> **Material for this task**
.....

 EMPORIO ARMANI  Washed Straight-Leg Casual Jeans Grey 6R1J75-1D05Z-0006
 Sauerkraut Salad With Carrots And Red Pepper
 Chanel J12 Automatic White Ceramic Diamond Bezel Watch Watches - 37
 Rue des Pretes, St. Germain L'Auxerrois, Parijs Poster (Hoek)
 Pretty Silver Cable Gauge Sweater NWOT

.....

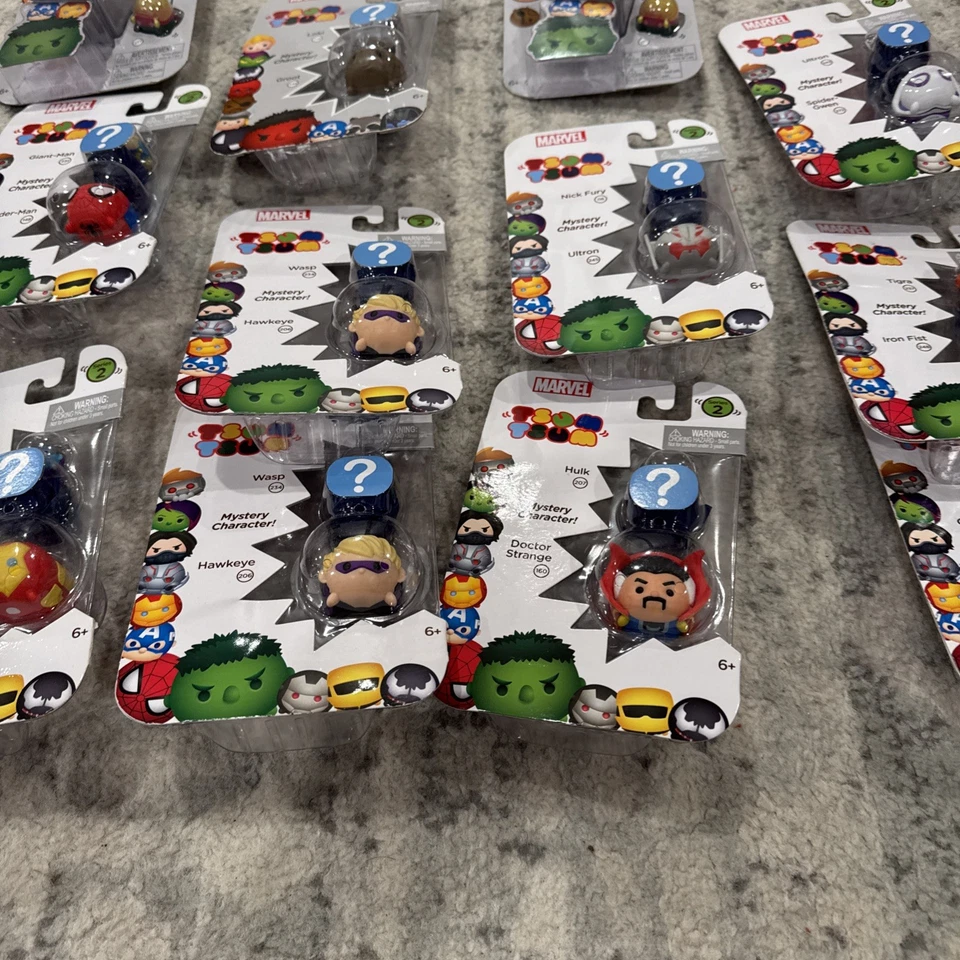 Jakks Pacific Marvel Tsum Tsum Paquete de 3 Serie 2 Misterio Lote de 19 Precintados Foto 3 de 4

.....

> **Assigned task**
Copy out, word for word, the part of the entries above that begins at the line with "Jeans Grey 6R1J75-1D05Z-0006" and ends at the line with "Pretty Silver Cable Gauge Sweater NWOT", including both.

> **Written solution**
 EMPORIO ARMANI  Washed Straight-Leg Casual Jeans Grey 6R1J75-1D05Z-0006
 Sauerkraut Salad With Carrots And Red Pepper
 Chanel J12 Automatic White Ceramic Diamond Bezel Watch Watches - 37
 Rue des Pretes, St. Germain L'Auxerrois, Parijs Poster (Hoek)
 Pretty Silver Cable Gauge Sweater NWOT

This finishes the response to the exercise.